The recently completed McDonald’s Flagship-Disney aims to be the first Net-Zero restaurant in the quick-service industry. Clad in solar panels, the 8,024sq ft restaurant, was envisioned and developed in response to the Florida climate.
According to the project architects, Ross Barney Architects, energy consumption is reduced by optimising building and kitchen systems. Energy is generated onsite by 18,727 square feet of photovoltaic panels, 4,809 square feet of glazing integrated photovoltaic panels (BiPV), and 25 off-the-grid parking lot lights produce more energy than the restaurant uses.
As Orlando experiences significant humidity, the building is naturally ventilated approximately 65 per cent of the year. Jalousie windows, operated by outdoor humidity and temperature sensors, close automatically when air-conditioning is required. An outdoor “porch” featuring Kebony wood louvered walls create an extension of the indoor dining room.

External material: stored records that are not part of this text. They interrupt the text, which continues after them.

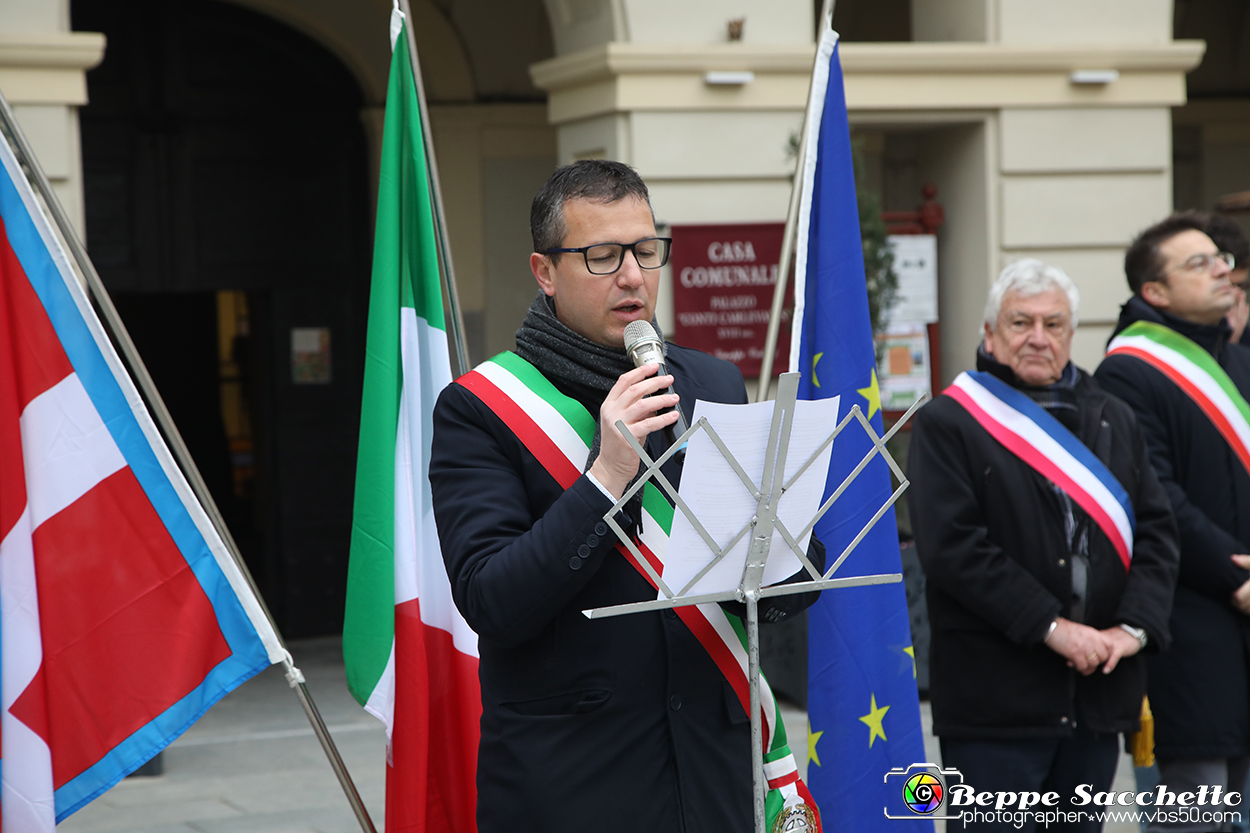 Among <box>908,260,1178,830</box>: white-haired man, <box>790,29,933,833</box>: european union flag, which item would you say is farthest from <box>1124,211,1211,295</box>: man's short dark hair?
<box>790,29,933,833</box>: european union flag

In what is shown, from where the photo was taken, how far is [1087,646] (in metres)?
3.54

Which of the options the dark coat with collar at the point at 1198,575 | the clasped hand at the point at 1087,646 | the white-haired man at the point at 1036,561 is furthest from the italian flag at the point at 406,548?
the dark coat with collar at the point at 1198,575

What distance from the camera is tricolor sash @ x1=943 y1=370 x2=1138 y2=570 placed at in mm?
3625

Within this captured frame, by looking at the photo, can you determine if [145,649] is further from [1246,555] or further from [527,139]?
[527,139]

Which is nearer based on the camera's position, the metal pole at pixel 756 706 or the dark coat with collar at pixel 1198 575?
the metal pole at pixel 756 706

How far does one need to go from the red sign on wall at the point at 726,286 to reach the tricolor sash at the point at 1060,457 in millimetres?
3565

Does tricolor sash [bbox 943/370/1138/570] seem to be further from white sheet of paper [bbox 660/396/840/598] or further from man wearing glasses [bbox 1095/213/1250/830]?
white sheet of paper [bbox 660/396/840/598]

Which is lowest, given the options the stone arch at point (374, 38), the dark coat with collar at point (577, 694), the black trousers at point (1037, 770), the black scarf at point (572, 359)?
the black trousers at point (1037, 770)

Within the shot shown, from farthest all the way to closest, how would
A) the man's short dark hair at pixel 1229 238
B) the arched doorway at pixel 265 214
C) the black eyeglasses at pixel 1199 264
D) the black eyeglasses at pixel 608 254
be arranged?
the arched doorway at pixel 265 214, the man's short dark hair at pixel 1229 238, the black eyeglasses at pixel 1199 264, the black eyeglasses at pixel 608 254

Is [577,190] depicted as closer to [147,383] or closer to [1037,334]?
[147,383]

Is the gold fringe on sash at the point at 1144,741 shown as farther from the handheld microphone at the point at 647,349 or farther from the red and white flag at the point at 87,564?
the red and white flag at the point at 87,564

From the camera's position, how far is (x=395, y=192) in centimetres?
351

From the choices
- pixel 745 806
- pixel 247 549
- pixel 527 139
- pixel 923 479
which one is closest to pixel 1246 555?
pixel 923 479

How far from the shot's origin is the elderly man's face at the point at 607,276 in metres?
2.28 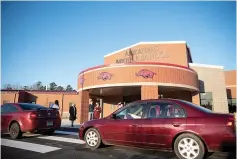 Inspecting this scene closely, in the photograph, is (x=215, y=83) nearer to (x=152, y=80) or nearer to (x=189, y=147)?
(x=152, y=80)

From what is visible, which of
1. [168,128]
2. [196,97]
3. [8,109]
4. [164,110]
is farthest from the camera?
[196,97]

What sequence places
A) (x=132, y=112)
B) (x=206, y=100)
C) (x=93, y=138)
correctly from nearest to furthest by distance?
1. (x=132, y=112)
2. (x=93, y=138)
3. (x=206, y=100)

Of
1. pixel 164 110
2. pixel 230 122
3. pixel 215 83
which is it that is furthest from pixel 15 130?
pixel 215 83

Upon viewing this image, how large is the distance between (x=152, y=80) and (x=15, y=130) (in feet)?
39.4

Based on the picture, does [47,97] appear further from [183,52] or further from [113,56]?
[183,52]

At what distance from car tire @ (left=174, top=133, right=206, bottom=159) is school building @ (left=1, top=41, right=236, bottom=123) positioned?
1245 centimetres

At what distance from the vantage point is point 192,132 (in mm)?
4574

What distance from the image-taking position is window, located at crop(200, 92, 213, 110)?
2336cm

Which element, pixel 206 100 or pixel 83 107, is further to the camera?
pixel 206 100

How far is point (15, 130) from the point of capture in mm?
7875

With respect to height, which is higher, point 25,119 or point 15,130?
point 25,119

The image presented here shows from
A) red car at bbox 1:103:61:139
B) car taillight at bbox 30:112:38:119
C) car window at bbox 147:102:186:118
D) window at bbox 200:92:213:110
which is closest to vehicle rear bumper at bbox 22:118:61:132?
red car at bbox 1:103:61:139

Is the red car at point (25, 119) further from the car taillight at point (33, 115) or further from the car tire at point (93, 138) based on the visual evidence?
the car tire at point (93, 138)

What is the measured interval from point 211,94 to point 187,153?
21160mm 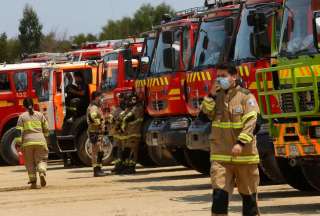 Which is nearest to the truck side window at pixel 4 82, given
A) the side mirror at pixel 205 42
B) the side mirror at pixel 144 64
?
the side mirror at pixel 144 64

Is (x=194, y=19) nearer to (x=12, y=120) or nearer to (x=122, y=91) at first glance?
Result: (x=122, y=91)

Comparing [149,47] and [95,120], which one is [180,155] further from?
[149,47]

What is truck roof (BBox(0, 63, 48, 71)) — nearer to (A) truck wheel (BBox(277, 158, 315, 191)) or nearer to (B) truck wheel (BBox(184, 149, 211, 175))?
(B) truck wheel (BBox(184, 149, 211, 175))

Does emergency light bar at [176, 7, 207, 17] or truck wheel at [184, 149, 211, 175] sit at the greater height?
emergency light bar at [176, 7, 207, 17]

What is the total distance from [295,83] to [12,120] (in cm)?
1570

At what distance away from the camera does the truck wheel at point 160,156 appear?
2134cm

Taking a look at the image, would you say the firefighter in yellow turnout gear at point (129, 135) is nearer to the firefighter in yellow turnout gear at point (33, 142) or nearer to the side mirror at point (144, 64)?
the side mirror at point (144, 64)

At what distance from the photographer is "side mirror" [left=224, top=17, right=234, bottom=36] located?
1612 cm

Developed in Norway, Kebony’s technology is an environmentally friendly and patented process which modifies sustainably sourced softwoods by heating the wood with furfuryl alcohol - an agricultural by-product. By polymerising the wood’s cell wall, the softwoods permanently take on the attributes of tropical hardwood including high durability, hardness and dimensional stability.
Additional sustainable strategies include paving materials that reduce the urban heat island effect, surfaces that redirect rainwater, 1,766 square feet of living green wall that increases biodiversity, new LED lighting, and low flow plumbing fixtures.